TDR has led the way in operational research over the years and has been trying out community engagement strategies or community directed interventions (CDI) in a variety of settings – rural, urban, nomadic, migratory, etc. The question about the value of CDI when one could hopefully improve the quality of existing health services is certainly valid. But a basic question has been whether the willingness of rural community members to volunteer will work in urban areas where ‘community’ is much more diffuse. Even if the CDI approach does not translate culturally into diverse, anomic urban settings, access to care in urban areas, there are other challenges such as the plethora of provider types.
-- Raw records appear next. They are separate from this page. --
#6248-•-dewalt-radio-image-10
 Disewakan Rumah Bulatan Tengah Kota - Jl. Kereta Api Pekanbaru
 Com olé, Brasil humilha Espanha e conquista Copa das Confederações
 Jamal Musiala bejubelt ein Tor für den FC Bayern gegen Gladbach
pmv-in-kano-sm.jpgJim is right that there have been studies about urban access that show geography is not the main issue – there may be social and financial barriers as well as perceptions of quality barriers.  To complicate the picture these issues must be addressed not only in the public sector but with private clinics and patent medicine shops.These private formal and informal sources usually provide desirable options like convenient hours, convenient locations and the ability to purchase on credit that the public sector does not.

While these private provider must be considered in any effort to improve the quality of health care in urban areas, they are also elusive. From experience in Nigerian cities, I can vouch that registries of private clinics and medicine shops are out of date and incomplete.  These entities may fail to register in the first place, move location or go out of business, and noe one seems to be responsible for updating the list.  In Kaduna, for example, an effort to study medicine shops started with a state ministry registry of 200 shops for the whole state and found by going street by street over 500 shops in one half of Kaduna alone. These providers too need to be considered as part of the total picture, and quality assurance mechanisms must be extended to them -if only we can find them.
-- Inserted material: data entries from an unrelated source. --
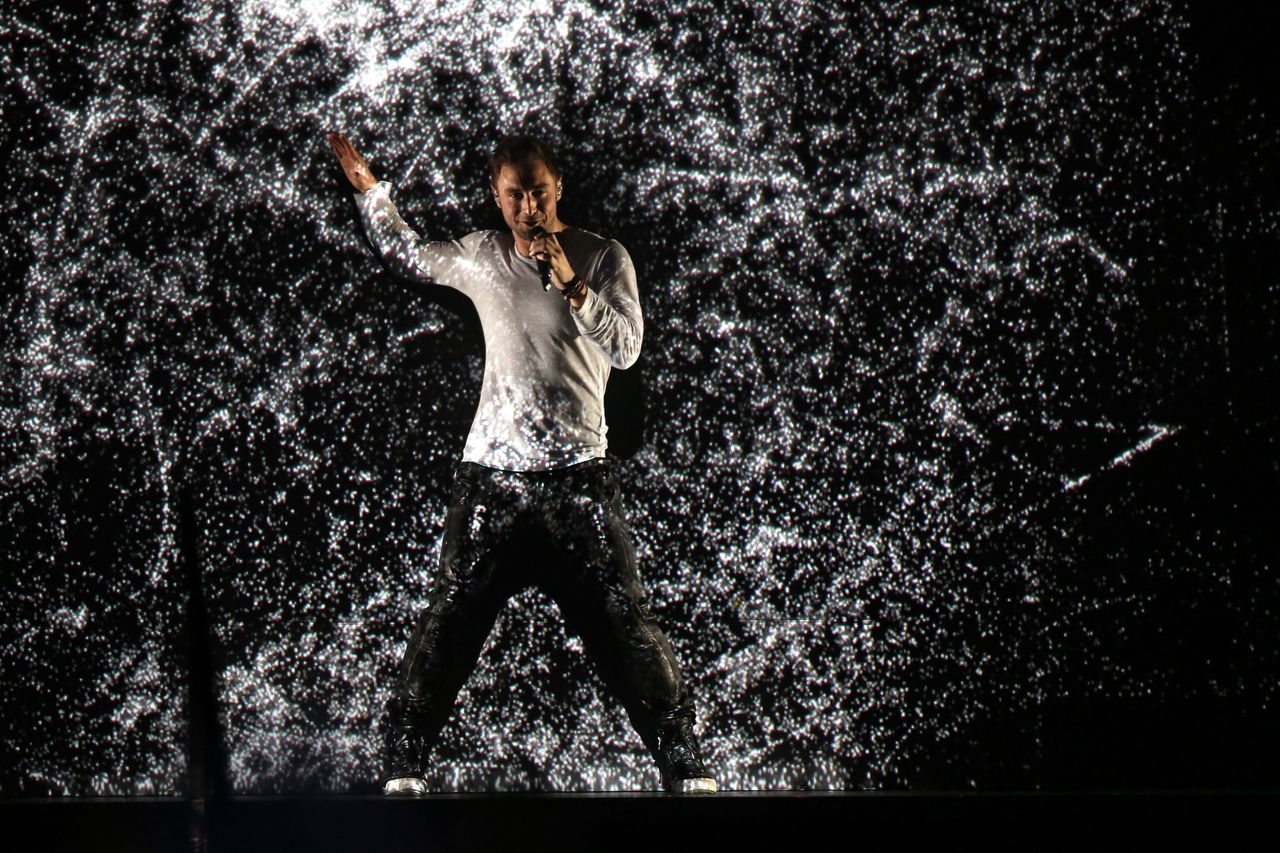 Måns Zelmerlöw performing Heroes in 2015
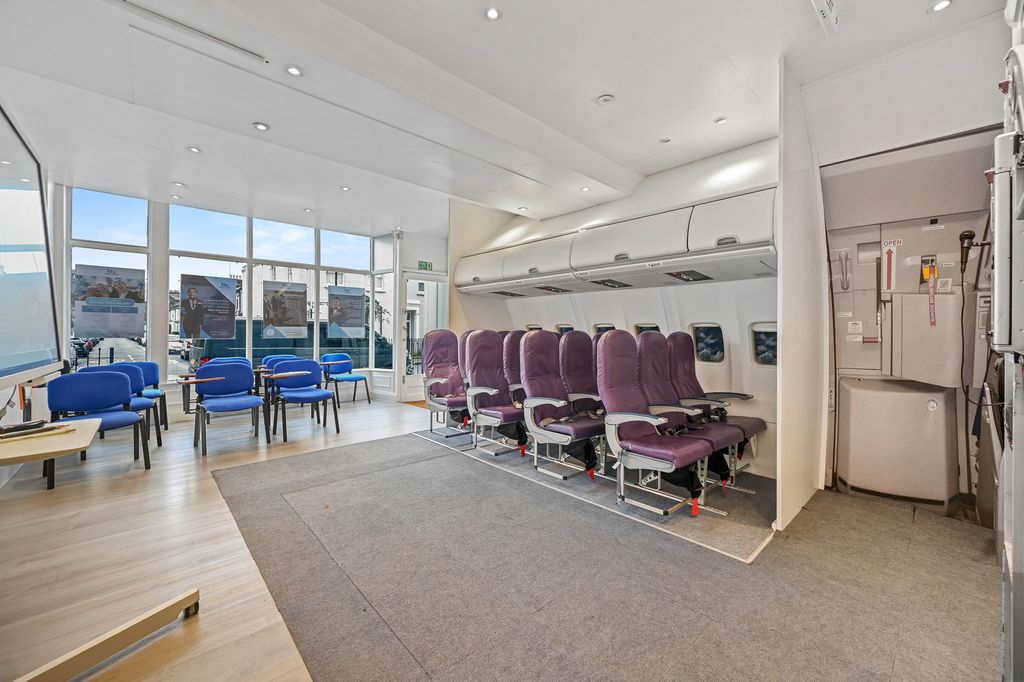 Property photo 1 of 4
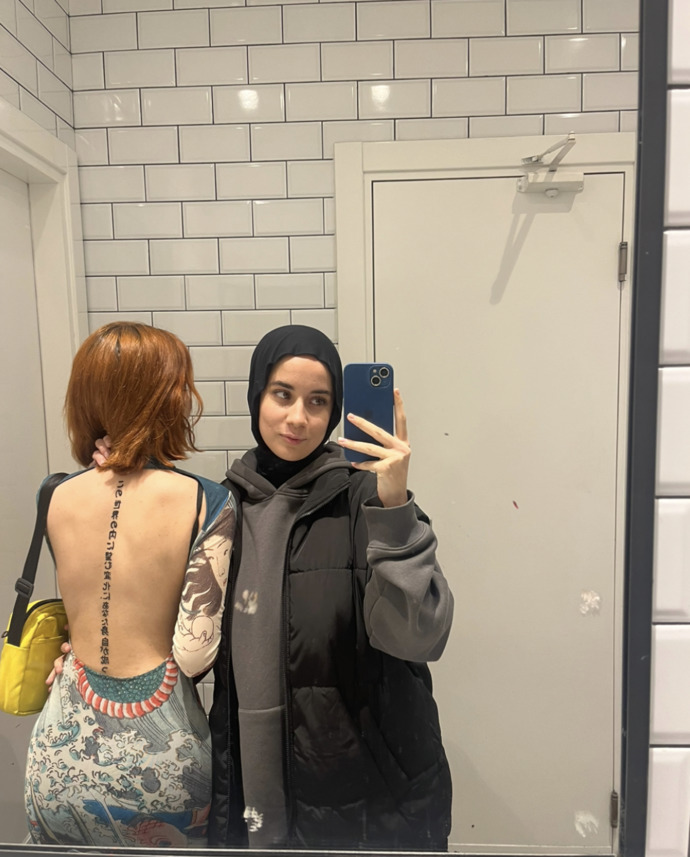 Sırt dekolteli elbiseler hoş mu?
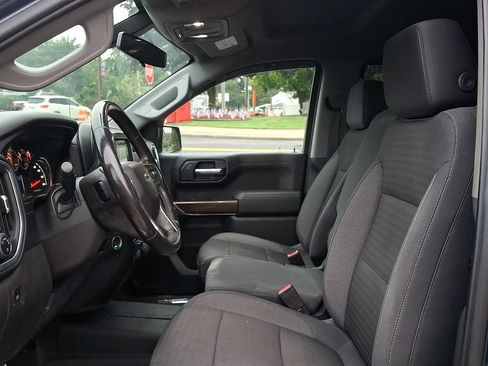 Used 2021 Chevrolet Silverado 1500 RST AWD/4WD image 13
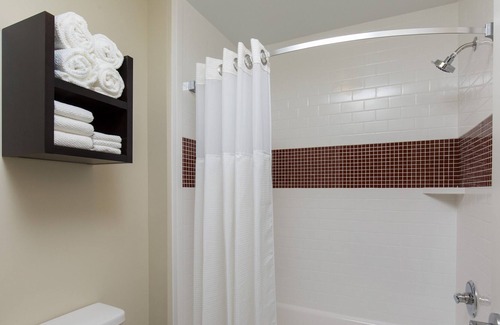 Palmdale Condo | Free Breakfast. Outdoor Pool & Hot Tub. Near Edwards Air Force Base!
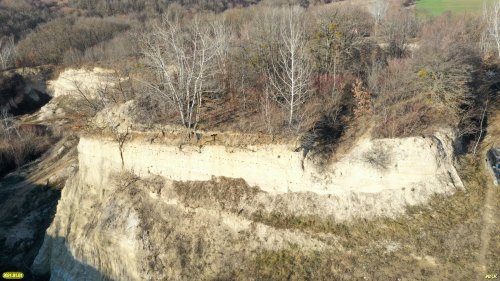 Закрытый карьер по добыче ракушечника (Северский район)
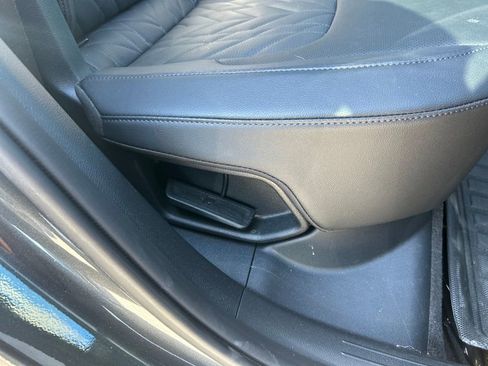 Used 2025 Kia Sportage X-Line image 25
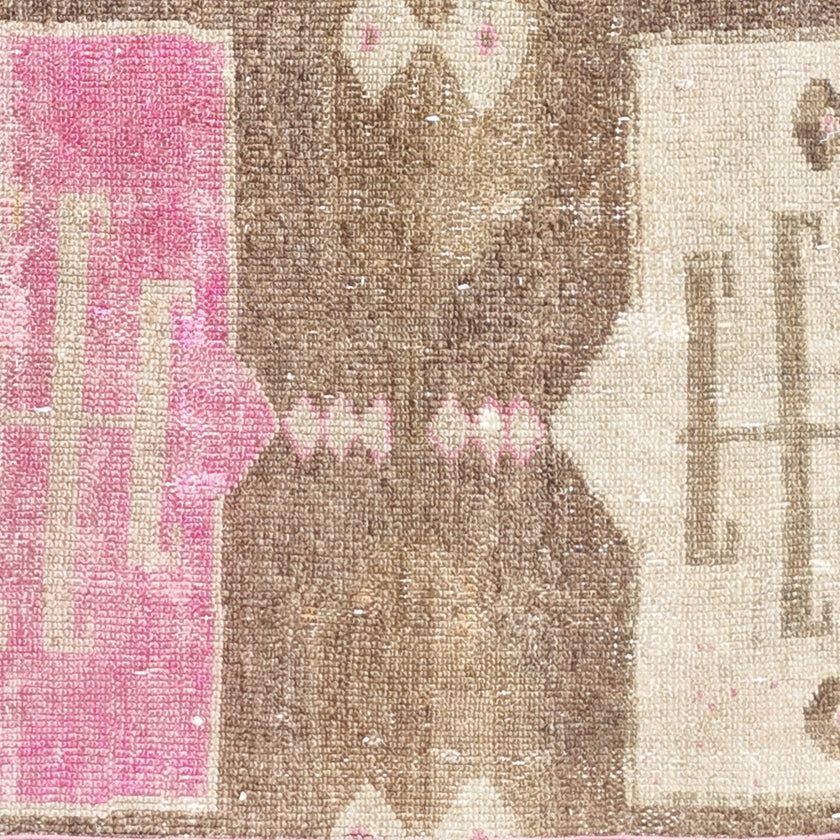 Z338 Handwoven Vintage Rug 2'11 x 11’7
So the answer to the basic question – is community volunteerism in the delivery of health services really necessary in urban area? – does depend not only on whether the volunteer spirit works in an urban setting, but whether quality services are already or potentially accessible thus, negating the need for community members delivering services.

A different model may be appropriate – that is the Community Navigator. Such a volunteer would help community members find the right care and get there. The Navigator could also serve as a patient advocate once she or he arrives at the point of service with their neighbors in tow.

Urban and rural settings differ dramatically in terms of culture, economy and social structure – we need to find the right community engagement model for each.